Un dato suffragato dal fatto che il 66% dei cinesi che hanno partecipato al sondaggio, hanno affermato di amare consumare i pasti presso i ristoranti degli alberghi nei quali soggiornano. Il 21% ama frequentare il centro affari; il 18% i negozi; il 16% le piscine; il 14% le palestre. Molto basse sono, invece le percentuali relative a bar, centri benessere e casinò.

Esistono però dei punti per i quali è necessario che la domanda cinese di servizi e l’offerta degli stessi da parte degli albergatori deve convergere.

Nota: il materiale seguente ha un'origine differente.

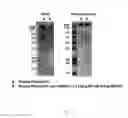 Fig. 14 - Process for a preparation of the modified porcine plasma fibronectin for enhance wound healing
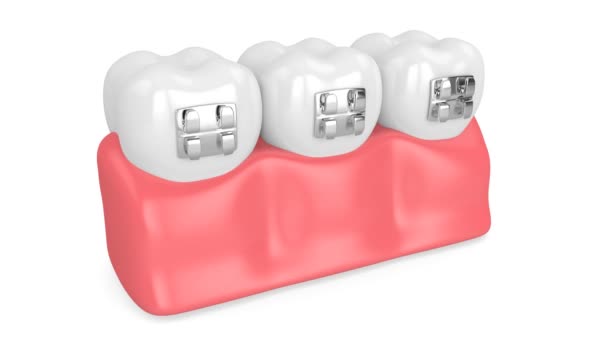 Зубы Ортодонтическими Брекетами — стоковое видео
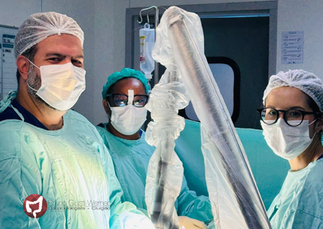 Tratamento de fístula anal a laser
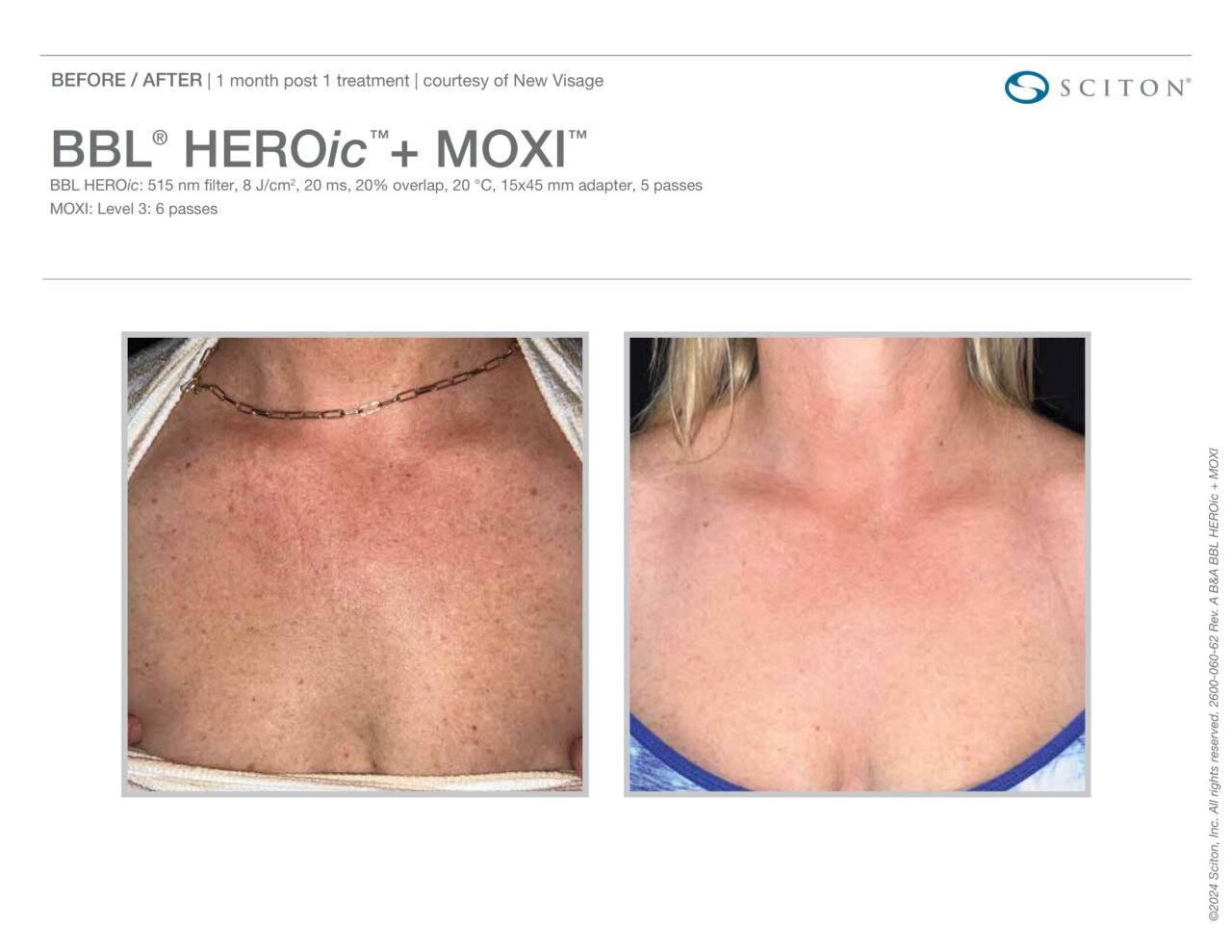 Before and after photos showing reduction in redness and sun damage on the chest and décolletage 1 month after one BBL HEROic + MOXI treatment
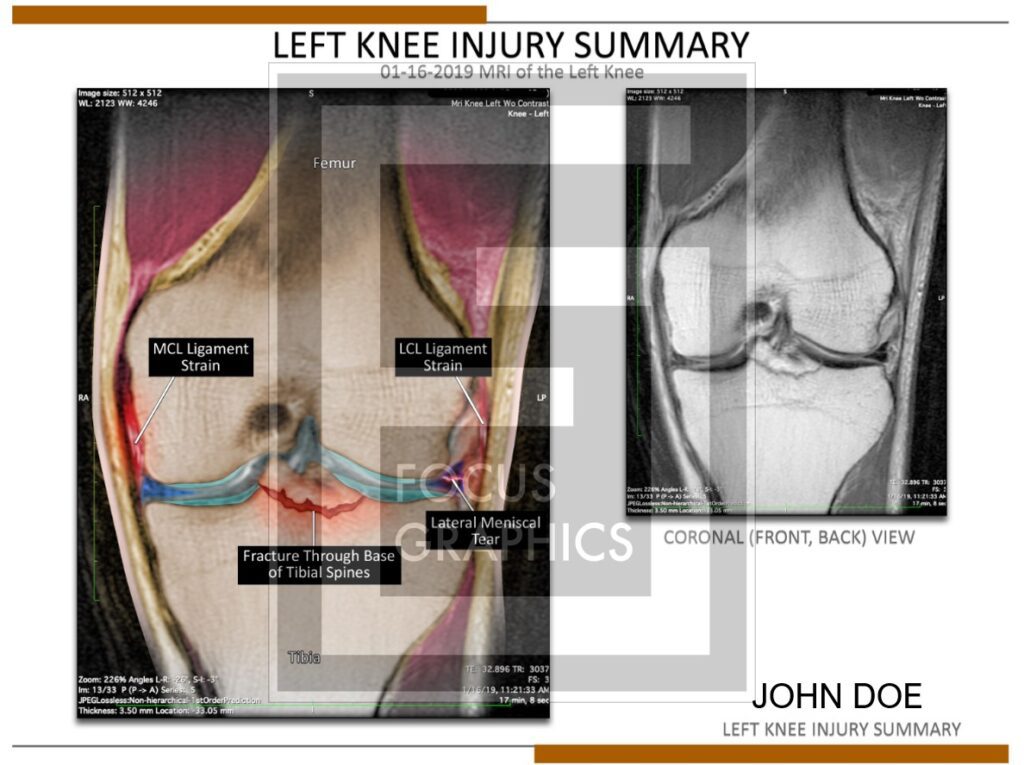 Colorization of left knee MRI to show fracture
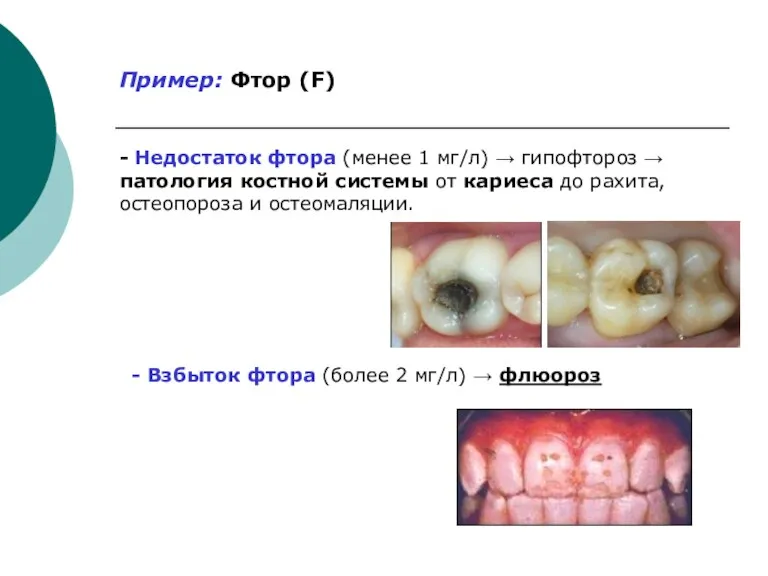 Пример: Фтор (F) - Недостаток фтора (менее 1 мг/л) → гипофтороз → патология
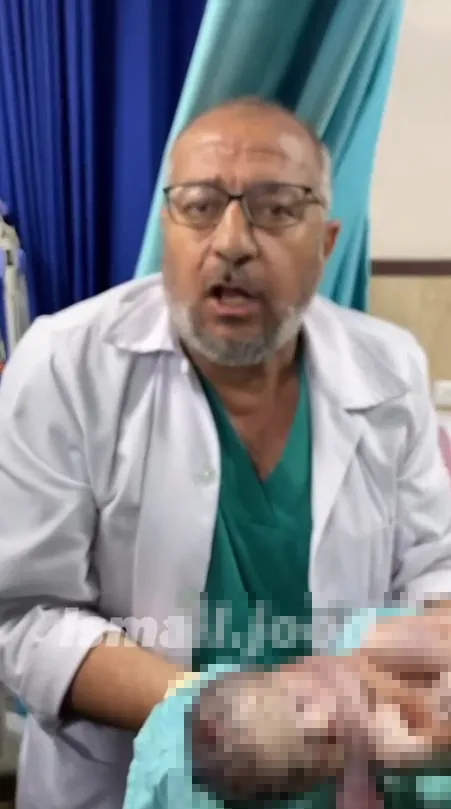 katliamin-golgesinde-yasamla-mucadele-anne-karninda-siyonist-teror-magduru-1698772952138.jpg Katliamın gölgesinde yaşamla mücadele! Anne karnında siyonist terör mağduru | Doktorlar annesi şehit edilen bebeği kurtarmak için ter döktü-6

Circa 6 turisti cinesi su 10 affermano che la possibilità di accettare valuta straniera sia il servizio più importante che le catene alberghiere internazionali possano offrire, sebbene il 26% di essi sostiene che comunque è un servizio che andrebbe migliorato. Il 54% di essi sottolinea l’importanza di staff che parli il Mandarino; il 54% ritiene molto importante la presenza di reti Wi-Fi; il 49% considera necessarie guide e materiali turistici tradotti in cinese; nel raggio tra il 30% ed il 40% si assestano servizi come i ristoranti che offrano cibi cinesi, canali tv cinesi, il sito dell’albergo tradotto in Mandarino, la colazione cinese.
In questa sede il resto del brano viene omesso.